### To do
Repeat the listing below line by line, exactly, leaving its pictures behind.

### Dataset extract
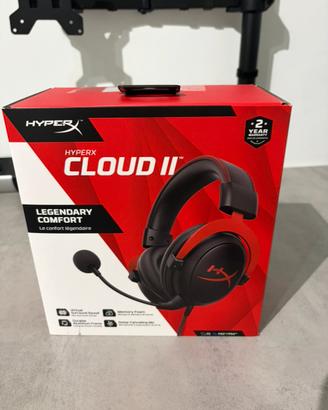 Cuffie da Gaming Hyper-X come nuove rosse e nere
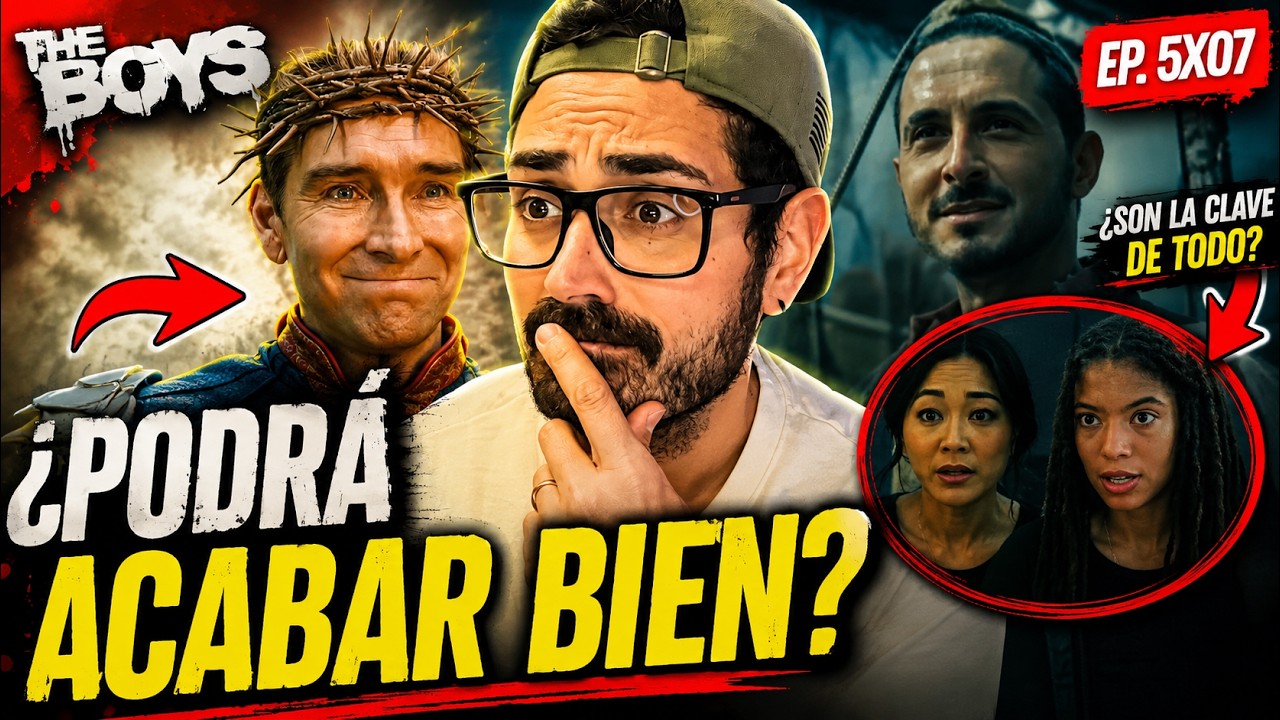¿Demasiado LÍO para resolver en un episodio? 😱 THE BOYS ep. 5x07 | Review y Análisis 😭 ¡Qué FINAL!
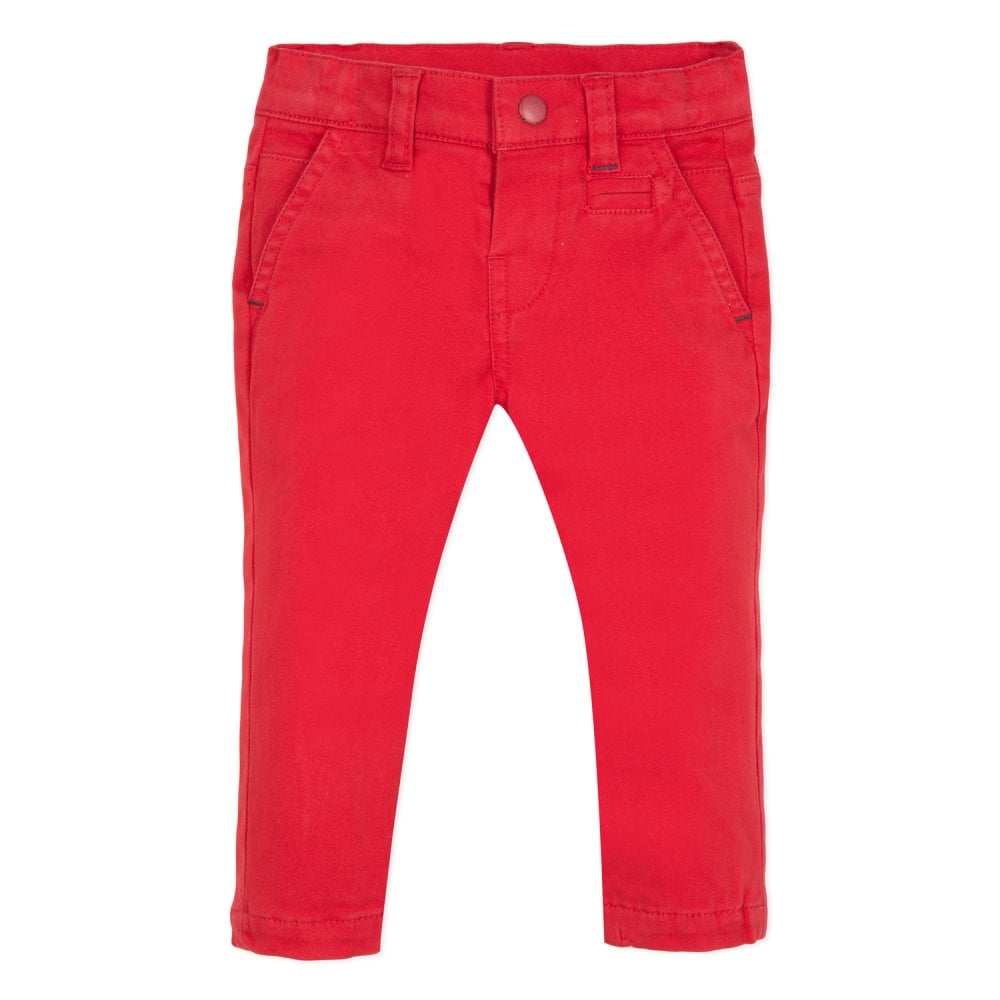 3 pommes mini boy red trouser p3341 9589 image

### Written solution
 Cuffie da Gaming Hyper-X come nuove rosse e nere
¿Demasiado LÍO para resolver en un episodio? 😱 THE BOYS ep. 5x07 | Review y Análisis 😭 ¡Qué FINAL!
 3 pommes mini boy red trouser p3341 9589 image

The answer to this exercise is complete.